Вот что надвигалось на Ю., на его жизнь, на его блага, на его удачи, потому что все, чего добился до сих пор Ю., было связано с его способностью балансировать. Теперь же от него требовали сделать бескомпромиссный шаг. И, как всегда в тупиковой ситуации, Ю. бросился к Покровителю.

Покровитель молча слушал путаные, неубедительные объяснения Ю., из которых сам Ю., слушая себя, мог бы заключить, что это говорит слабый, беспорядочный и неправдивый человек. Пока Ю. таким образом объяснял, почему он не может войти в Общество советско-арабской дружбы, Покровитель пил чай с лимоном, который подала ему Люся. По своему актерскому амплуа он был резонер, хоть начинал свою карьеру как герой-любовник. У него были светло-серебряные волосы поседевшего блондина и в лице нечто львиное, царственное, что-то от бронзовых львов, однако выцветшие глаза были бойкие, подвижные, взгляд осмысленный.

— Но ведь это интернационализм, — сказал Покровитель, когда Ю. кончил наконец говорить. Покровитель сразу усек суть проблемы. — Вам это поможет, — добавил он, — это очень почетно.

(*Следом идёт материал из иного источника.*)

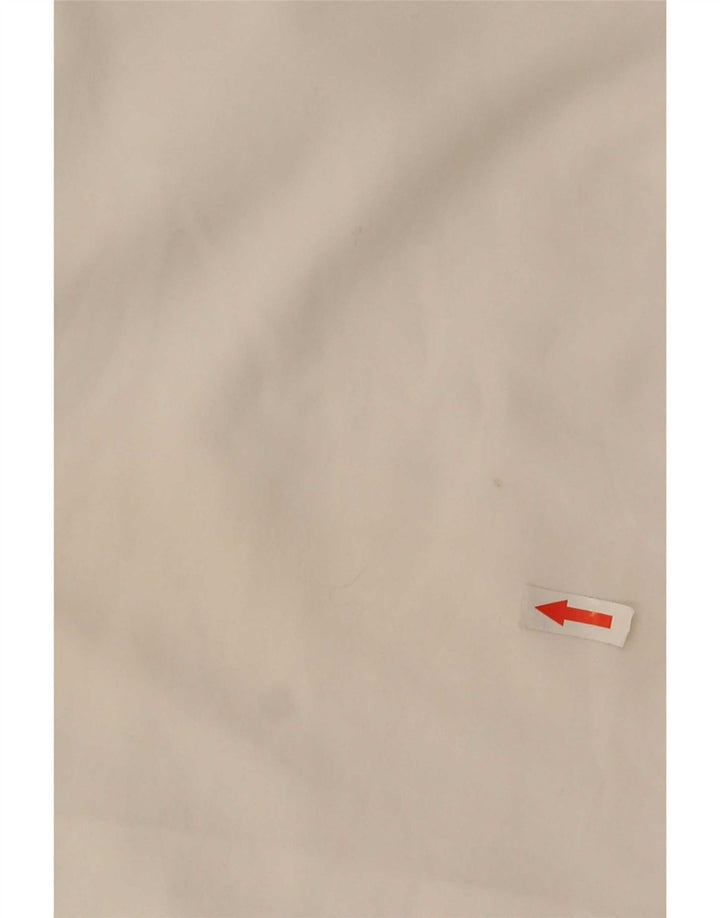Reebok Herren Bermuda Sport Shorts Small Weiß Polyester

И Ю. вдруг подумалось, что если не сам Покровитель выдвинул его кандидатуру в Советско-арабское общество, то по крайней мере он в этом деле принимал участие. Покровитель был уже стар и болен. Поднося стакан чая с лимоном к губам, он морщился — очевидно, побаливал позвоночник. «Этот старый русский интеллигент, старый русский актер все понимает, — подумал Ю., — но он живет согласно обстоятельствам и хочет помочь мне также жить по обстоятельствам. Потому мое нынешнее поведение ему особенно неприятно… Что сказать», — думал Ю., мучительно перебирая аргументы и ничего не находя.

— О людях судят по их поступкам, — сказал Ю., — поэтому лучше отказаться, чем совершить поступок, к которому не готов. Политическая обстановка в арабском мире сложная, об этом пишут наши газеты. Коммунистические партии во многих арабских странах запрещены. Слышал я также неофициально, что присвоение Насеру Героя Советского Союза было волюнтаризмом.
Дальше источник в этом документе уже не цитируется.